Automating Azure Image builds with HashiCorp Packer and GitHub Actions

Lukas RottachLukas Rottach
13 min read

Welcome to part two of my series of blogs Managing Azure Images. In this part of the series we will implement some exciting changes to our existing project like automated, recurring image builds.

Recap

In the first part of this series we explored the capabilities of building Azure Images with Packer, had a look at the structure of a template and built a Packer template to build our first image. After finishing the first part you should understand the basics of Packer, customize your build with provisioners and build your images.

In the previous post of this series, we learned how to start building custom Azure Images using HashiCorp Packer. We created a basic Packer template with HCL to set up a consistent and automated process for managing Windows images. We also explored using provisioners to install software, manage reboots, and properly deprovision images with Sysprep. By following along, you successfully built your first managed Azure Image manually, seeing firsthand how Packer simplifies image creation, reduces manual work, and improves consistency across environments. Now, it's time to take this a step further and automate the entire build process.

Foreword

Before we start, a few words. So, why do we even want to develop this project further at all? Well, the initial setup from our previous blog comes with a couple of downsides. First and foremost, we have to run the Packer build manually each time we want a fresh Azure image. Let's be honest, no one enjoys repetitive manual tasks. For the rest of us, automating the process and scheduling regular image builds not only saves time but also ensures that our images are consistently up-to-date, secure, and ready whenever we need them.

Another problem with our current setup is that you can't run the packer build twice without making manual adjustments. Since we're using Azure Managed Images, trying to create an image with the same name will cause the build to fail. The second run will unavoidable trip over the image created by the first run. Clearly, we need a more dynamic approach to image naming and management to avoid such collisions and ensure seamless, repeatable builds.

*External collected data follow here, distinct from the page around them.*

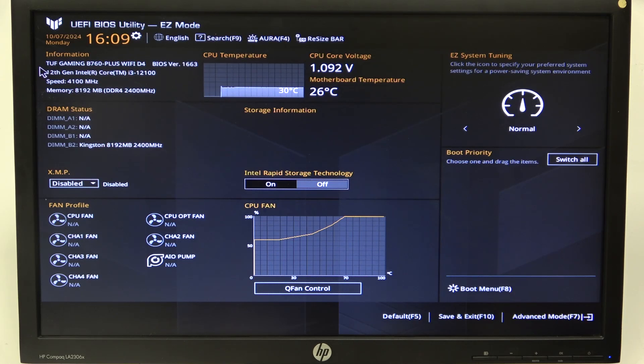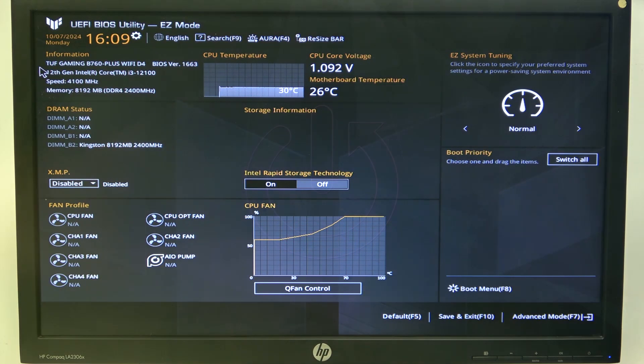Hello! In this video, I want to show you how to change the performance core ratio on an Asus DAF Gaming Motherboard.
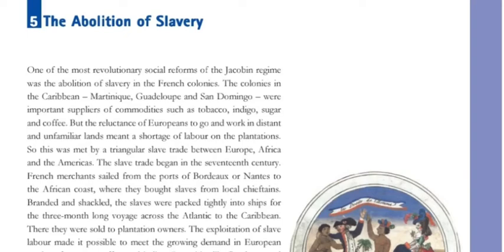One of the most revolutionary social reforms of the Jacobin regime was the abolition of slavery in the French colonies.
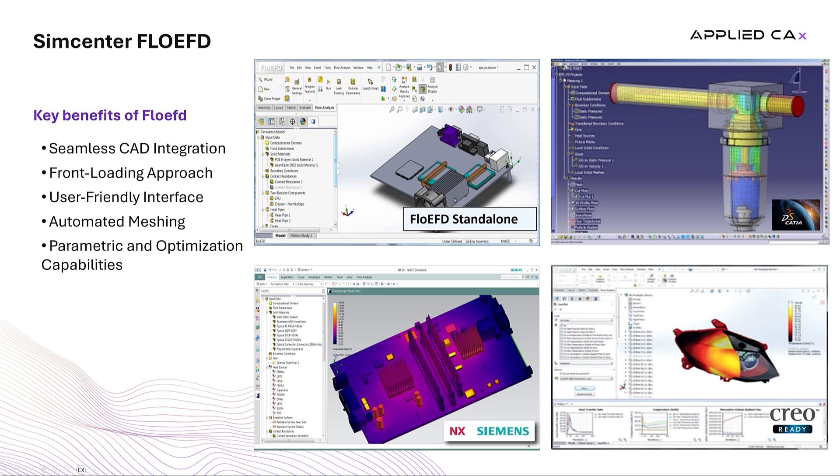The user-friendly interface ensures that even those without extensive CFD experience can quickly navigate and utilize powerful analysis tools. By leveraging fast simulation turnaround through automated meshing and efficient solver technology, FlowEFD helps teams iterate rapidly to refine and validate designs.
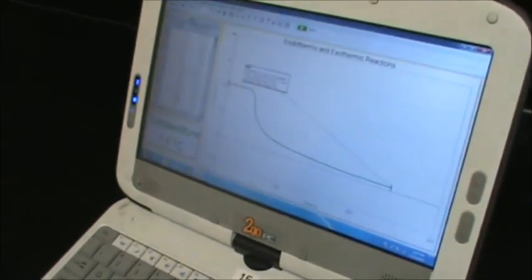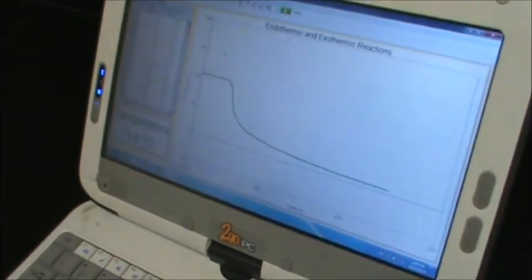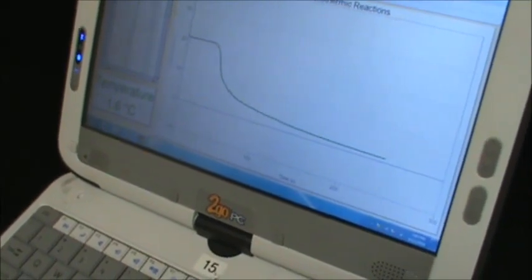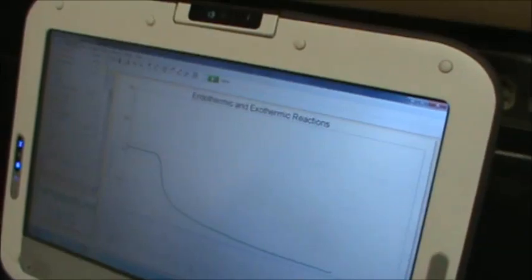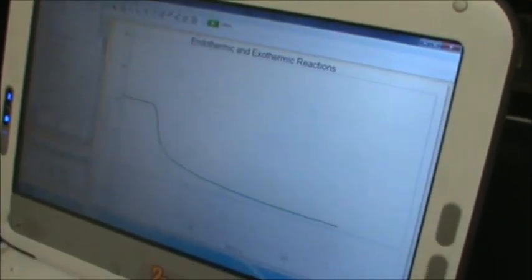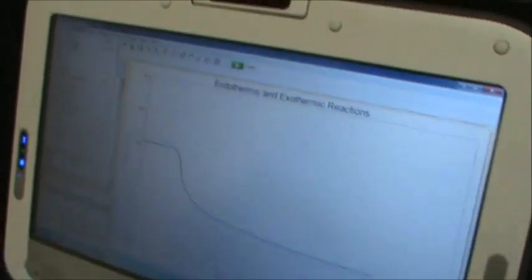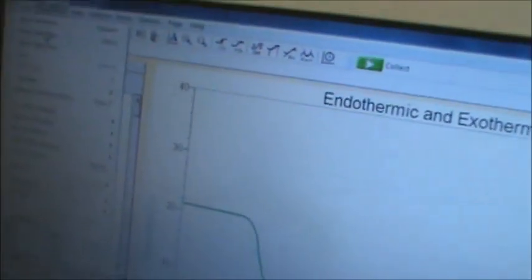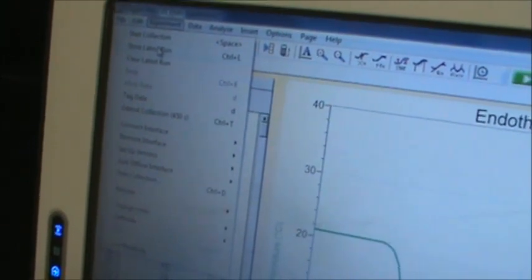We want to store the latest run. Go up to the Experiment menu and click on Store Latest Run. What happens is the line becomes very fine and it's stored. If you do not do that, you'll lose your data when you do the next run.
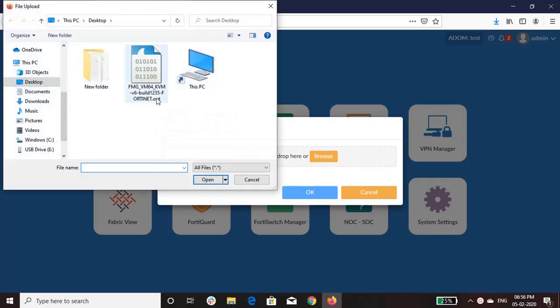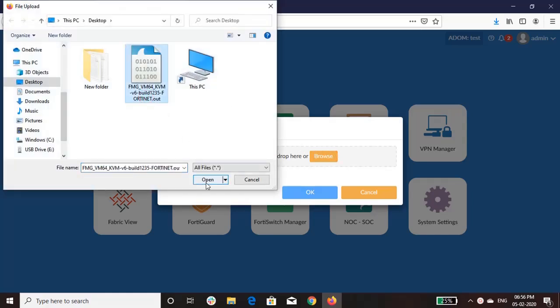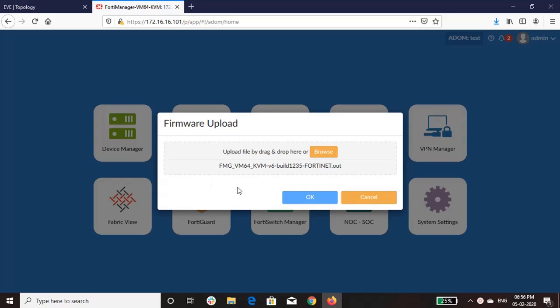Upload the firmware image. You can download the image from support.fortinet.com.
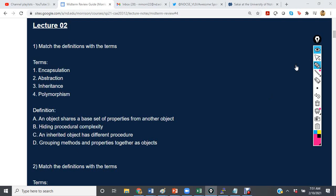Match the definitions with the following terms. The first definition is: an object shares a base set of properties from another object — that is inheritance. B, hiding procedural complexity, that's 2 for abstraction. C, an inherited object has a different procedure — that's 4, polymorphism. And grouping methods and properties together as objects is 1, encapsulation.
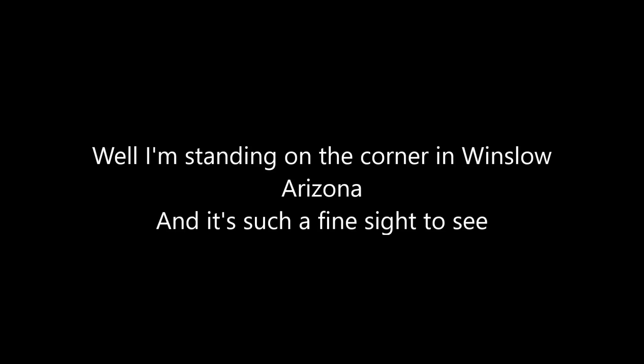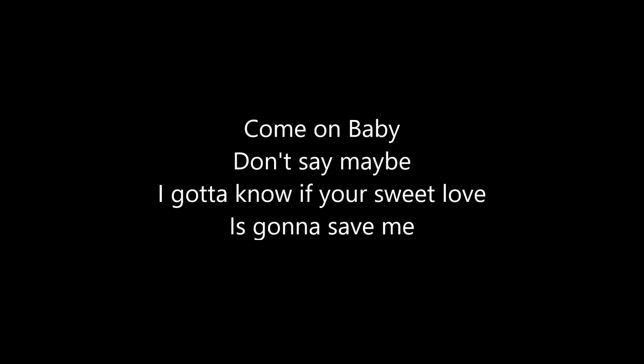Well, I'm standing on the corner in Winslow, Arizona and it's such a fine sight to see. It's a girl, my lord, in a flatbed Ford slowing down to take a look at me. Come on,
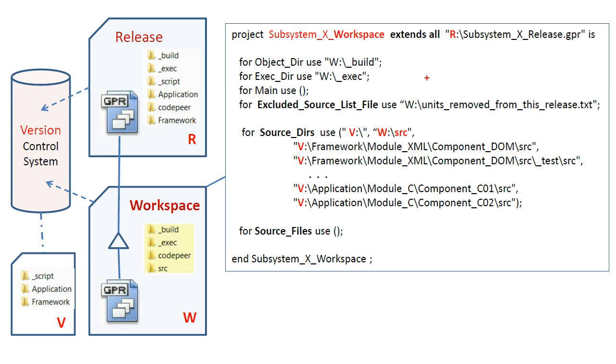In the workspace, the attributes objectdir and executabledir override the same attributes inherited from the release in order to specify directories located on the workspace drive for the compiler, binder, and linker outputs.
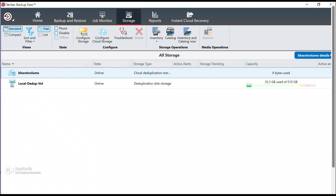The cloud deduplication storage is now in an online state. With this, we have successfully integrated Azure immutable storage with Backup Exec.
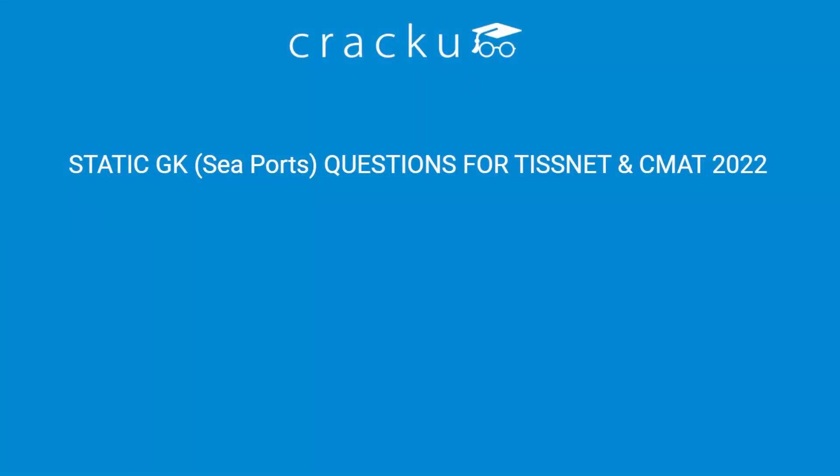Hello everyone, welcome to the CrackU video series. Hope you are doing well with your preparations. Today we are here to discuss Static GK Sea Ports Questions for TISSNET and CMAT 2022.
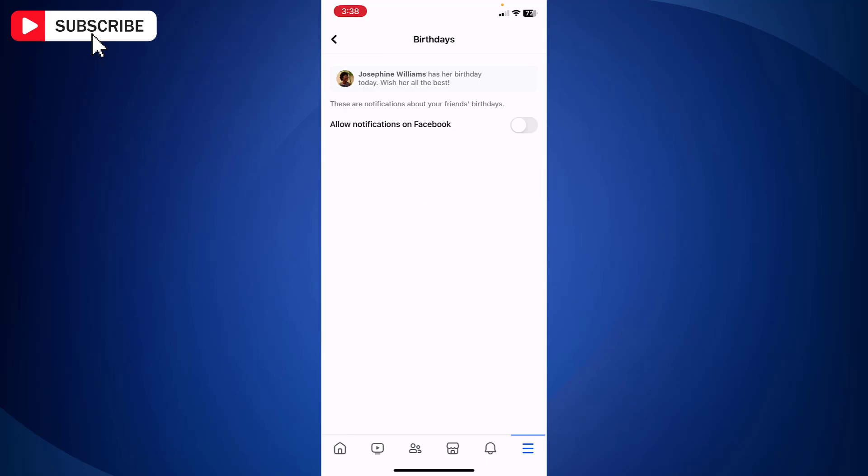On the birthdays notification screen, turn on allow notifications on Facebook. You can choose how you would like to receive notifications. You may choose push, email, or SMS, or all.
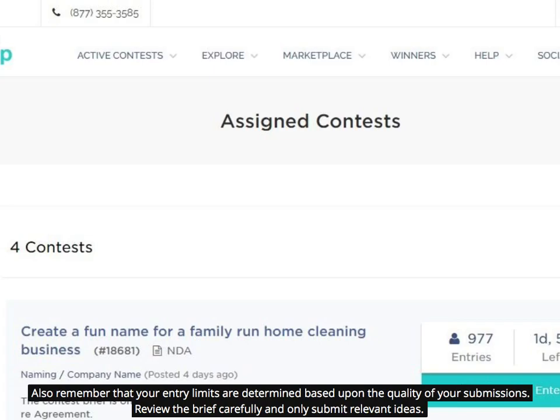Also remember that your entry limits are determined based upon the quality of your submissions. Review the brief carefully and only submit relevant ideas.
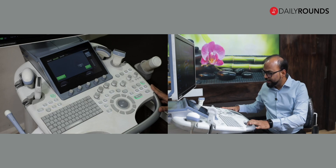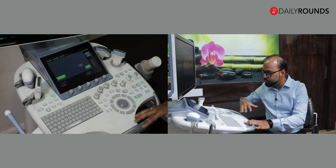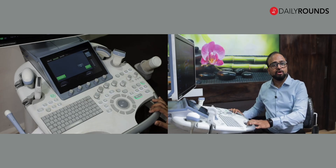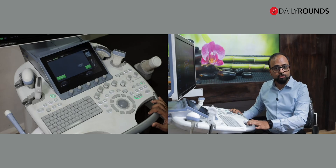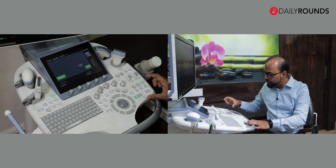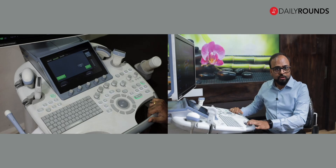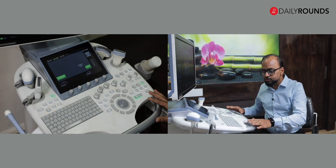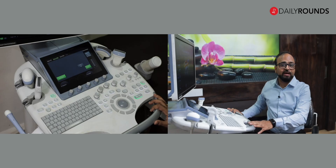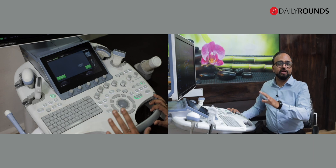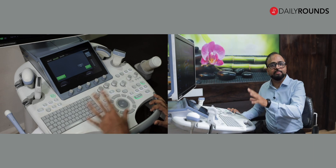Now we come to the console. If you look at the console, there are at least 20 to 30 different buttons. There is actually a specialty of ultrasound called knobology. Knobology teaches us the best way to use each of these individual knobs in order to optimize the image so that we get a good image. You will get lost when you look at this console for the first time, but I am going to hold your hand and tell you what each of these knobs does and how we can use it to get the best ultrasound image.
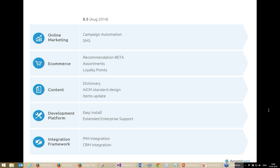In the eCommerce track, we have the recommendation engine in beta — we'll release the beta and start bringing the first solutions live during autumn to optimize it for the 8.6 final release. We also have assortments — the possibility to create different assortments for different kinds of customers, so some customers can see products that others can't.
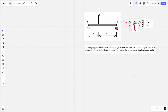Hey everyone, welcome back to another video — it's the Somewhat Tutor. In today's video we're going to be looking at something different, and that's beam theory, so that's structures or statics. What I've got here at the moment is a question: we've got a beam which is simply supported, of length L.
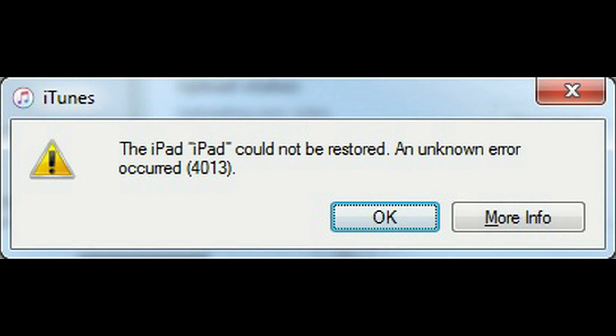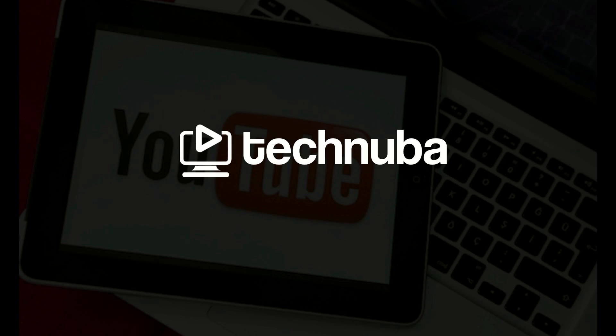And once I did that, the restore successfully worked. If you've received this error and resolved it a different way, please put it in the comments below so that others can benefit from it. Thank you for watching Tech Nuba.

➡️ As always, you are welcome to check out the code on my GitHub repository instead of going through the development step by step: https://github.com/lrottach/blog-az-image-packer

Introduction

In this blog post, we're taking our Azure image management setup to the next level by introducing automation with GitHub Actions. We'll leverage GitHub Actions workflows to schedule recurring Packer image builds, ensuring we always have fresh and up-to-date images without needing to manually kick off builds ourselves. Of course, you can use a provider you prefer to build your pipeline. Additionally, we'll implement an Azure Compute Gallery, allowing us to efficiently store, replicate, and version our images with ease. By making our Packer builds dynamic, each scheduled run will automatically produce a unique version, helping us maintain clarity, consistency, and flexibility across our deployments. Let's dive in!

Authentication

Before we dive deeper into building our GitHub Actions pipeline, let's talk briefly about authentication. To automate deployments and execute Packer builds from GitHub Actions, we need secure and reliable authentication to Azure. For my scenario, I used Federated Identity, which allows GitHub Actions workflows to authenticate directly with Azure without the need to manage or store secrets explicitly. With federated identity, GitHub is granted trusted access to Azure through OpenID Connect (OIDC), eliminating the overhead and security concerns associated with traditional service principal credentials stored as GitHub secrets.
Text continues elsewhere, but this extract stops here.